The Bank’s tough talk is justified by their theory that expectations of inflation literally cause inflation. More technically, in the orthodox economic theory of the “expectations-augmented Phillips curve,” the real economy cannot operate beyond its “natural” or non-accelerating inflation rate of unemployment, regardless of what inflation is.
In that world view, it is important for the central bank to have “credibility” about its commitment to keep inflation at its target, no matter what. Tough talk like this helps to “anchor” public expectations of inflation and hence makes it easier to bring inflation down.
But what if that’s not actually what causes inflation? What if the power to set prices causes inflation, and people with that power continue to use it anyway?
Is petrol selling for $1.85 per litre because people expected it? Or because the petroleum industry has the power (given how we have organized our energy system) to charge it?

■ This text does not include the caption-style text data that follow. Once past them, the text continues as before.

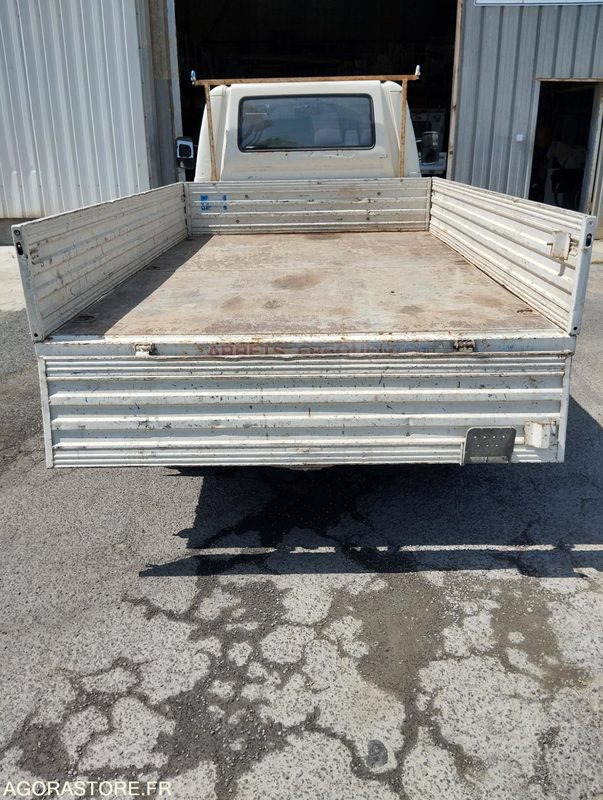 VOLWAGEN TRANSPORTER PLATEAU - Panel van: picture 4 VOLWAGEN TRANSPORTER PLATEAU - Panel van: picture 4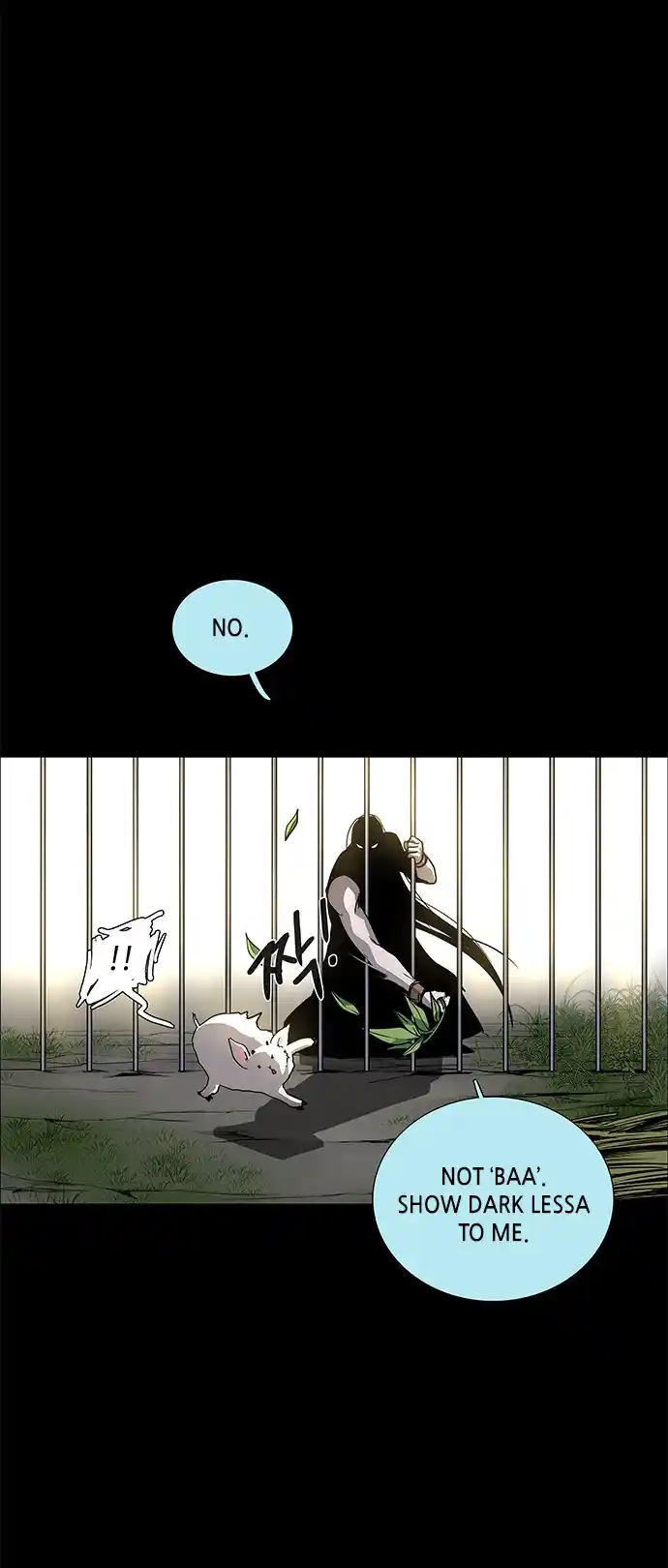 Lessa - Servant Of Cosmos Chapter 94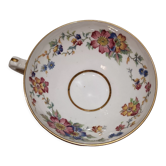 Tasse anciennes vintage en porcelaine de Limoges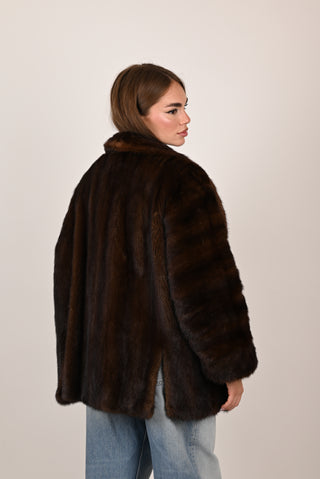 Mink jacket A377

And are wages growing at only 2.6% (latest ABS data) because that’s all the inflation workers expect? Or is it because workers don’t have the power – despite historically low unemployment and accelerating inflation – to win any more than that?
Of course, the RBA worries about some expectations more than others. Lowe’s 769-word public statement yesterday made 9 separate references to wages, labour costs, labour shortages, and tight labour markets. It didn’t mention profits once. Maybe it should have: ABS data show that in the last year (as inflation took off), corporate profits per unit of output grew 21%. That’s seven times faster than unit labour costs. And seven times higher than the upper band of the RBA inflation target.
Profits influence prices as much as, or more than, wages. But the Reserve Bank only looks to the workers’ side of the street when warning Australians to tighten their belts.